Veon loses senior execs as chairman plans ‘a leaner HQ’

19 July 2018 | Alan Burkitt-Gray

Cover

Multinational mobile operator Veon, still without a CEO after Jean-Yves Charlier left in March, has appointed a group COO and simplified its structure.

All operating companies will now report to Kjell-Morten Johnsen, who was made acting COO on Charlier’s departure but is now confirmed in the role.

Amsterdam-based Veon, formerly VimpelCom, said it is creating “a leaner HQ with clear accountability” and added, perhaps hinting at further changes ahead: “This work is ongoing as Veon transitions to a more efficient operating model.”

Veon, now led by executive chairman Ursula Burns, said that to support its “increased focus on emerging markets with a simplified flatter structure”, all operating companies will report directly to Johnsen, a former Telenor executive who joined Veon in 2016.
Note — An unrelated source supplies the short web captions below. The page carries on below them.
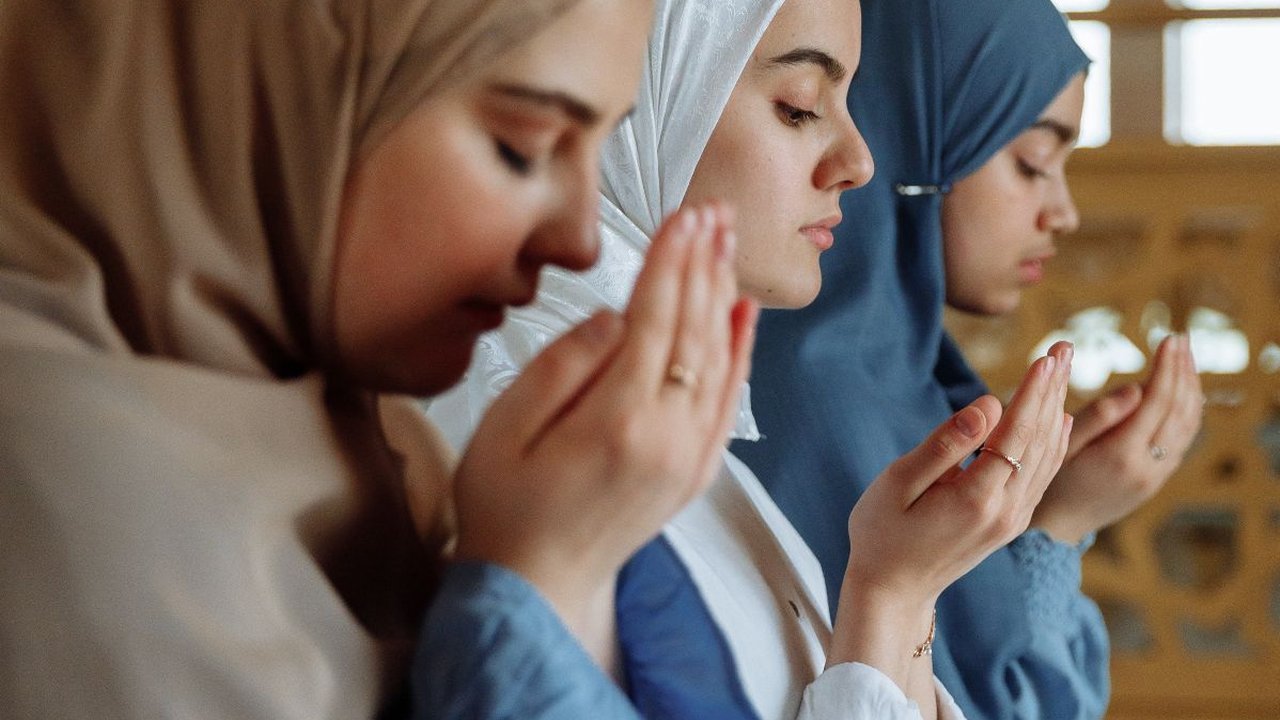 Doa Minta Jodoh yang Terbaik Lengkap dengan Artinya, Ketahui Amalannya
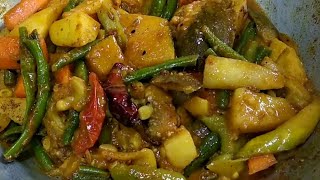 নিরামিষ লাবড়াbhoger labraMixed vegetables curryDurgapuja Bhoge [upl. by Llenyt]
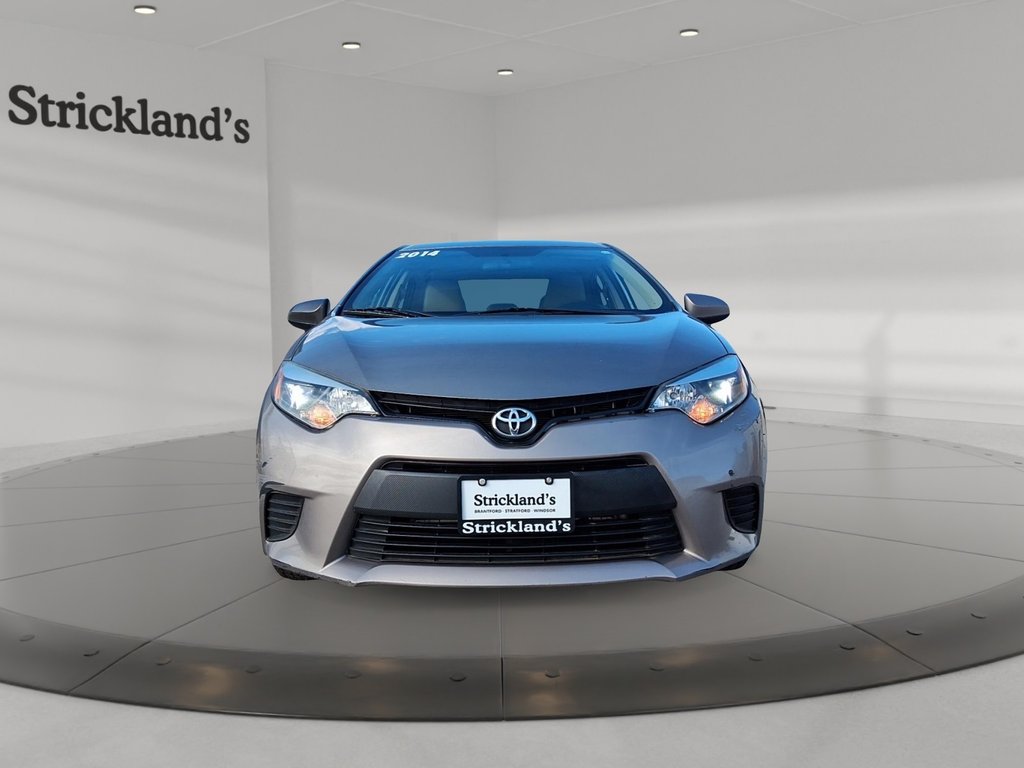 2014 Toyota Corolla 4-door Sedan CE 4A in Stratford, Ontario - 2 - w1024h768px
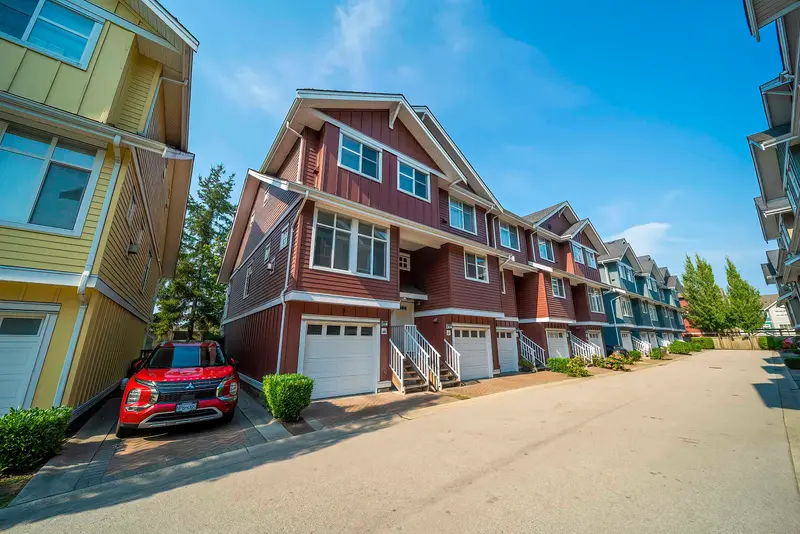 68 935 EWEN AVENUE - photo 3 of 25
The change means Aamir Hafeez Ibrahim has lost his role as head of emerging markets, but will remain as CEO of Jazz in Pakistan.

A few senior executives have decided to leave, including Christopher Schlaeffer, group chief commercial and digital officer, Mark MacGann, group chief corporate and public affairs officer, and Peter Chernyshov, previously head of Eurasia and CEO of Kyivstar in Ukraine.

Veon’s top management have fewer responsibilities because of the planned sale of its 50% interest in Italy’s Wind Tre joint venture. Two weeks ago it agreed to sell its share in the business to Hong Kong-based partner CK Hutchison for $2.87 billion. Italy was Veon’s last asset in western Europe, though Beeline and Kyivstar are significant businesses in Russia and a number of other CIS countries.

Veon is looking for a replacement for Schlaeffer and has added Kyivstar to the responsibilities of Aleksandr Komarov, CEO of Beeline Kazakhstan, though on an interim basis.

However, MacGann will not be replaced. “The position is not being filled and the teams will be integrated into different relevant functions,” said Veon.

Burns, who was CEO of Xerox from 2009 to 2016 and then chairman of Xerox’s board until last year, said in March that Charlier would help with the transition to a new CEO.

Today she made no mention of the continuing search for a CEO but said: “We are creating a new, more simple structure that will help our operating companies deliver the best services to customers and realise even greater value for shareholders.”

She added: “We look forward to providing more details of our progress on our priorities when we report our second quarter earnings in the coming weeks.”